C’est comme si Justin Trudeau faisait entrer des votes pour sa prochaine élection, en 2019 car, devinez quoi? Déjà, les Libéraux fédéraux pensent à accorder des permis de travail à ces immigrants illégaux au lieu de les faire attendre au bas mot de 5 à 7 mois, ce qui semble  très ambitieux, environ 3 ans, ce qui semble juste vu le suivi administratif complètement débordé et même, selon les Conservateurs, jusqu’à 11 ans d’attentes où tous ces immigrants illégaux vivront à nos dépens. On peut penser que Justin Trudeau imaginera une façon de les rendre admissibles au vote en vue de la prochaine élection. Tout ça avec notre argent!

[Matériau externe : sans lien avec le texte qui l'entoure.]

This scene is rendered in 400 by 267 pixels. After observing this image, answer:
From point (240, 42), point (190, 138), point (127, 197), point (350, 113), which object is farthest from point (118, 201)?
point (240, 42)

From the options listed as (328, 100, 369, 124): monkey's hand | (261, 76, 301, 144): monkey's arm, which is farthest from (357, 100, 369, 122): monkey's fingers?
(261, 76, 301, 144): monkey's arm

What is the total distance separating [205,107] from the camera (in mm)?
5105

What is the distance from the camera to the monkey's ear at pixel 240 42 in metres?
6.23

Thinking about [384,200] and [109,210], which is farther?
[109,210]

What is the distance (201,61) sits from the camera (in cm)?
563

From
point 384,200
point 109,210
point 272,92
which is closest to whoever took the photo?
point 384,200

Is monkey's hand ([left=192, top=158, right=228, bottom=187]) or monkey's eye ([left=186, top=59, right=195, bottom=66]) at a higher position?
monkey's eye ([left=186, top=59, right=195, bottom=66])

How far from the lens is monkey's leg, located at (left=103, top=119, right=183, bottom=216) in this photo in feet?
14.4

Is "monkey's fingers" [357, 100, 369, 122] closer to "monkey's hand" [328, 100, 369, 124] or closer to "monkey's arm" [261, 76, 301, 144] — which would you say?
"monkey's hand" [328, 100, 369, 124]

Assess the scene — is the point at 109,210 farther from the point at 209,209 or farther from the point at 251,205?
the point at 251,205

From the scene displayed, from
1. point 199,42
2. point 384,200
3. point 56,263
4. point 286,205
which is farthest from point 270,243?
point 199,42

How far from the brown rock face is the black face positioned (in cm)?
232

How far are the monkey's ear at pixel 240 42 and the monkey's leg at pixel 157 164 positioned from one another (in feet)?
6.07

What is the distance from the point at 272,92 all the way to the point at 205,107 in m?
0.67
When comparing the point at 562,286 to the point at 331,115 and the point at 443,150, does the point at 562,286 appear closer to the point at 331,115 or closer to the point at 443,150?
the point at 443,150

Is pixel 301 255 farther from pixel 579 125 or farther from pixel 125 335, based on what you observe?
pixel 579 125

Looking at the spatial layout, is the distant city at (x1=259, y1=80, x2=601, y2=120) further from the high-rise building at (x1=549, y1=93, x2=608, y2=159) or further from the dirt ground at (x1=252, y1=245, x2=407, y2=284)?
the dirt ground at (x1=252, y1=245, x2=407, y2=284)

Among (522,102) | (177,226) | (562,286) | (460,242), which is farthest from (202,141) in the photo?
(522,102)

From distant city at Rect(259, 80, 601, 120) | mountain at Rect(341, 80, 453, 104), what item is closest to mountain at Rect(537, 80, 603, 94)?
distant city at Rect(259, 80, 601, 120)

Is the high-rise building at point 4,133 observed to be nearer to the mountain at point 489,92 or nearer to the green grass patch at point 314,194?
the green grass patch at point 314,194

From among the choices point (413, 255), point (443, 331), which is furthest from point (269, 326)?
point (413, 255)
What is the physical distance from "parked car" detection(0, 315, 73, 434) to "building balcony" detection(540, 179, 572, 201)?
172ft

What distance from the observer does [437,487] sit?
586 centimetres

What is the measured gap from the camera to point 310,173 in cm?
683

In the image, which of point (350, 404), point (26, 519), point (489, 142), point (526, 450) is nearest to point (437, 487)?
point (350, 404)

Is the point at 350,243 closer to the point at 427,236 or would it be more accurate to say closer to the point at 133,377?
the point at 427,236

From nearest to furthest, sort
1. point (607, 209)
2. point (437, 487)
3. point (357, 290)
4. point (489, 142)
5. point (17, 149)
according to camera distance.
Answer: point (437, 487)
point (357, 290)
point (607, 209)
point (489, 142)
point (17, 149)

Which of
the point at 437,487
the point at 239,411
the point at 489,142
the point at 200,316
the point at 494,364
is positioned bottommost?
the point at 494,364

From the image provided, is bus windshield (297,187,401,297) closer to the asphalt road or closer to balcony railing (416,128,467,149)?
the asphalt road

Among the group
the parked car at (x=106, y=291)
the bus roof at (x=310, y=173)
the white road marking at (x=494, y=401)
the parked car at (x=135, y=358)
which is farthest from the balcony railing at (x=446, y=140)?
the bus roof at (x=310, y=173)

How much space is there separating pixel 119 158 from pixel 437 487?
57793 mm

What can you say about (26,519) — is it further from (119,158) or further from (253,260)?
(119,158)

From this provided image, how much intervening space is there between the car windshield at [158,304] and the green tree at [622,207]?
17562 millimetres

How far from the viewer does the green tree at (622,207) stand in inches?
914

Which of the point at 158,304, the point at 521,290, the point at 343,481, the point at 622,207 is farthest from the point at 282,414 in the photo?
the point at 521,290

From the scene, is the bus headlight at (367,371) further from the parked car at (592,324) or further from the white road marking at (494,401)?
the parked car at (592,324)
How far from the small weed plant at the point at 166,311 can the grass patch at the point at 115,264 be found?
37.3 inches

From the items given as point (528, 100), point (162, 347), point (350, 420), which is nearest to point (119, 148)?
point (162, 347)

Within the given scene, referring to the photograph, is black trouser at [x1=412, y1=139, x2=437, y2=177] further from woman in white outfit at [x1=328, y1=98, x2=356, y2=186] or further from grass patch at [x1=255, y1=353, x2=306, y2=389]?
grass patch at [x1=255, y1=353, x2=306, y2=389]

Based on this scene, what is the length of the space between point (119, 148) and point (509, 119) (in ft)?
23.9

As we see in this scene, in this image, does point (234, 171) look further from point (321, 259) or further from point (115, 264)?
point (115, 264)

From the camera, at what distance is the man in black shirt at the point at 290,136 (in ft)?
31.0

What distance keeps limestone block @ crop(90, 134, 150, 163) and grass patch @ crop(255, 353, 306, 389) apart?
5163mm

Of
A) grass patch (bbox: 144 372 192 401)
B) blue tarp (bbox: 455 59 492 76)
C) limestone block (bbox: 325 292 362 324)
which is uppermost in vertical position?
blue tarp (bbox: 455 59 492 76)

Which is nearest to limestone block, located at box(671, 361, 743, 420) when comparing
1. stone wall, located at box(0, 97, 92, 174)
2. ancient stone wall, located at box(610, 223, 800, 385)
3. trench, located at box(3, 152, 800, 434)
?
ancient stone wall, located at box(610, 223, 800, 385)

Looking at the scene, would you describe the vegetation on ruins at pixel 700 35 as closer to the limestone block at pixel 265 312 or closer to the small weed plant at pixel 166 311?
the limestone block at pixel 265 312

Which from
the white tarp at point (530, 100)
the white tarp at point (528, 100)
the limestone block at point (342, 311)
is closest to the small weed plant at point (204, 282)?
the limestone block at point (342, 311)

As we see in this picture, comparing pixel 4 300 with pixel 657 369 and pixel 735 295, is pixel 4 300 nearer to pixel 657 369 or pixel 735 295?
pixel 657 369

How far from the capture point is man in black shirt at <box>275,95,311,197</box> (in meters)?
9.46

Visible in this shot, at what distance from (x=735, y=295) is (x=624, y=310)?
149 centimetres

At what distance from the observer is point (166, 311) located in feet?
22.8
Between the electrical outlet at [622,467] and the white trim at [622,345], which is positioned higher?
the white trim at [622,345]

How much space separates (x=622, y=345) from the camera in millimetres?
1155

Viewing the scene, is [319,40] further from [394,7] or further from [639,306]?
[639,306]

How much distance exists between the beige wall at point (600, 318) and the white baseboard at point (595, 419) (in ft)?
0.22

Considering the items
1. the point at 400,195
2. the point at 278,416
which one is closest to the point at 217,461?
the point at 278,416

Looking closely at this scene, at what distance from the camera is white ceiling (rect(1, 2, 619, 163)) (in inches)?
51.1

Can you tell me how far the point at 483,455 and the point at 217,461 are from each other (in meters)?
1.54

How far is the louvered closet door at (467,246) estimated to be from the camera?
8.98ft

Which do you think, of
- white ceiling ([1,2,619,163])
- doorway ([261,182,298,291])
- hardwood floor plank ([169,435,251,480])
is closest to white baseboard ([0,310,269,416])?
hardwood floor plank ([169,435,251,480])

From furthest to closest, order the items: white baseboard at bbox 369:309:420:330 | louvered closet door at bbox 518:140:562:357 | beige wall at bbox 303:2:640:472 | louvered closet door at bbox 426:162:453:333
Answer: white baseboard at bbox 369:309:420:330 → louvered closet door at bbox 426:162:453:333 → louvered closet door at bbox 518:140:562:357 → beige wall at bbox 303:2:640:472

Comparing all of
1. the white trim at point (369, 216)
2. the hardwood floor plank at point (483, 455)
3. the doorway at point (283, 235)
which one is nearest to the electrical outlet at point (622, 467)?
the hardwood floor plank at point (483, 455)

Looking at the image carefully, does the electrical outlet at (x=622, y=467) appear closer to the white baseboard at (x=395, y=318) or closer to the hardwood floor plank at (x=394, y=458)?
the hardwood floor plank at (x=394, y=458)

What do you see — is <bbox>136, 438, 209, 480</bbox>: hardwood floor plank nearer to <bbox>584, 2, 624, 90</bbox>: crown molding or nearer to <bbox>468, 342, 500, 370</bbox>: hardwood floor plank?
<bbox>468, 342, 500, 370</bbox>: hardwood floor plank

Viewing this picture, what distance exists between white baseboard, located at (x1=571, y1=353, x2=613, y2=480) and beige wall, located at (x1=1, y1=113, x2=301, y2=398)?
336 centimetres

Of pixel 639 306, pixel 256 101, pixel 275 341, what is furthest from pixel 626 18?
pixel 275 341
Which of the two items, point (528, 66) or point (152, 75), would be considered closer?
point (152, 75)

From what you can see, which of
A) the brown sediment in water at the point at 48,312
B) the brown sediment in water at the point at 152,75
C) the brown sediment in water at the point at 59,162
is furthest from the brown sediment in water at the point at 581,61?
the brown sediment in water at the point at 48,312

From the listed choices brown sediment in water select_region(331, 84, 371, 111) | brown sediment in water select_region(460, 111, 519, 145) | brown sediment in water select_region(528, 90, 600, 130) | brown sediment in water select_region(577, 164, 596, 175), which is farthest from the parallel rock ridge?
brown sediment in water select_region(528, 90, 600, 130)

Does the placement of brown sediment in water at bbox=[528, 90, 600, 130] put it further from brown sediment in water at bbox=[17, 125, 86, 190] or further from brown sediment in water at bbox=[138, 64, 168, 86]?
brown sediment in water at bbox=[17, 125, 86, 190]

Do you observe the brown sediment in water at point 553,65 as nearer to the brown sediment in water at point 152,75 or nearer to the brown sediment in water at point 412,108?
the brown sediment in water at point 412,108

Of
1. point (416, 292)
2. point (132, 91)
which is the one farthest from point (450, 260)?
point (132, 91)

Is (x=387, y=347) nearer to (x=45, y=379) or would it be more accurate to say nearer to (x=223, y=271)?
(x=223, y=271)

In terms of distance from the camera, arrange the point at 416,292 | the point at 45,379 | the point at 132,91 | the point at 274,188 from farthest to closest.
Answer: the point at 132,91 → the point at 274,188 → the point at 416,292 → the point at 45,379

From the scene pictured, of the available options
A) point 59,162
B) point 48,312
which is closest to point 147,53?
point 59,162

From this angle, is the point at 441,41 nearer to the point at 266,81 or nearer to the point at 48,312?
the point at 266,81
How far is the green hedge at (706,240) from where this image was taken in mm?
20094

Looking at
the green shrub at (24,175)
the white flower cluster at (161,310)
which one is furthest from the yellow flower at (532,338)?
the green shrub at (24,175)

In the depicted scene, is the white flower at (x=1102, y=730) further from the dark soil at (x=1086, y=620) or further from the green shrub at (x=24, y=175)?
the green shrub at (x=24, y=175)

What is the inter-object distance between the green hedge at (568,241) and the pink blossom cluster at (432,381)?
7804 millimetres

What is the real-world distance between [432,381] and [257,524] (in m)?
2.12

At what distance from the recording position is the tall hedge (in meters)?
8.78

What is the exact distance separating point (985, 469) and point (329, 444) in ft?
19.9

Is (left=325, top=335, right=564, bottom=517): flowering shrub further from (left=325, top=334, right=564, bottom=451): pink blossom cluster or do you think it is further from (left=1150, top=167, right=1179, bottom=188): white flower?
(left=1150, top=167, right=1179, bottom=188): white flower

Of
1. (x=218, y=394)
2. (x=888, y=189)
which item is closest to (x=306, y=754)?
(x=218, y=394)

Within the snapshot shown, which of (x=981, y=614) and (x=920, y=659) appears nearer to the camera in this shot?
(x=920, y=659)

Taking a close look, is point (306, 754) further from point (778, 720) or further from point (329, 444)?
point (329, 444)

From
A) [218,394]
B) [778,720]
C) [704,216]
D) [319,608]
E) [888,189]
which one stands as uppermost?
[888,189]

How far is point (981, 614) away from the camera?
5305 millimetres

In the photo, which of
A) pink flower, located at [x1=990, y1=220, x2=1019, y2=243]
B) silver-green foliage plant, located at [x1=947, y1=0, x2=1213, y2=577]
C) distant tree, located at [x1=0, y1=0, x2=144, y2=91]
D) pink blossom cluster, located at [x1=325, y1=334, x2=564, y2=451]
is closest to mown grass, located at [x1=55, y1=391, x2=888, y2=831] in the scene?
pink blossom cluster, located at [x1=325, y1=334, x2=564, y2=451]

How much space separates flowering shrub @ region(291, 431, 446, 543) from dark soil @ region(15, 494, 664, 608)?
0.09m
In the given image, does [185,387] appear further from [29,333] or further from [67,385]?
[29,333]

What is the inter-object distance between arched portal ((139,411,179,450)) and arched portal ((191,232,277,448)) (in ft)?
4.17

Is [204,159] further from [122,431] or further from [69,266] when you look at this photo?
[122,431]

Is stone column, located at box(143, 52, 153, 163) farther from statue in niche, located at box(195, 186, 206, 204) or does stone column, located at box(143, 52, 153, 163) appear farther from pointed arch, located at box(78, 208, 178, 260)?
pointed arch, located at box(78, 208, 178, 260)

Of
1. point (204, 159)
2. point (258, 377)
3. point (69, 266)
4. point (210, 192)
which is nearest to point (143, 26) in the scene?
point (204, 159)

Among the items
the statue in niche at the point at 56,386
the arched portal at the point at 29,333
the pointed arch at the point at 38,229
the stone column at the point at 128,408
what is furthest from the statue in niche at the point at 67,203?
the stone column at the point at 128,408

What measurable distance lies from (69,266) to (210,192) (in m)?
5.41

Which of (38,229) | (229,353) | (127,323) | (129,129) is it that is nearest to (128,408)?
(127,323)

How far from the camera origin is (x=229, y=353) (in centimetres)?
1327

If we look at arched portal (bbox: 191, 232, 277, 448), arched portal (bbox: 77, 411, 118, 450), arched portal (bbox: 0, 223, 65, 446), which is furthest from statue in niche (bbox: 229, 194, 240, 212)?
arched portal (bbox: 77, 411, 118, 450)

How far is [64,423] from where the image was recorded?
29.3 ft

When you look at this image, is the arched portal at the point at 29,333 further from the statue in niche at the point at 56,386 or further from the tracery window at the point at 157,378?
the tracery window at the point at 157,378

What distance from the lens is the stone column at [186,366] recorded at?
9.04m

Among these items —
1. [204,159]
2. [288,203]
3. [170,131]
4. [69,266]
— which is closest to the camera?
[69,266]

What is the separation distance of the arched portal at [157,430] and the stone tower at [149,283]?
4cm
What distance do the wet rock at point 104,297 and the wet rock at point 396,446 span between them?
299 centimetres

Alors pour ceux qui croient que la situation des immigrants illégaux est sous contrôle, détrompez-vous, ça va continuer à empirer car absolument rien n’est pour bloquer ces entrées illégales à nos frontières et il y a tellement d’incitatifs pour ces immigrants illégaux à venir ici qu’ils seraient fous de ne pas le faire.

C’est ainsi que les Canadiens se font vider les poches par des immigrants illégaux qui ne devraient même pas avoir eu le droit d’entrer au pays plus de 24 heures avant d’être déportés, idéalement à leurs frais, dans leur pays d’origine.

Nos élus doivent être tenus responsables de la situation qu’ils ont créé de toutes pièces et qu’ils ne font à peu près rien pour résorber. Et vous, êtes-vous à l’aise avec l’immigration illégale, vers le Canada?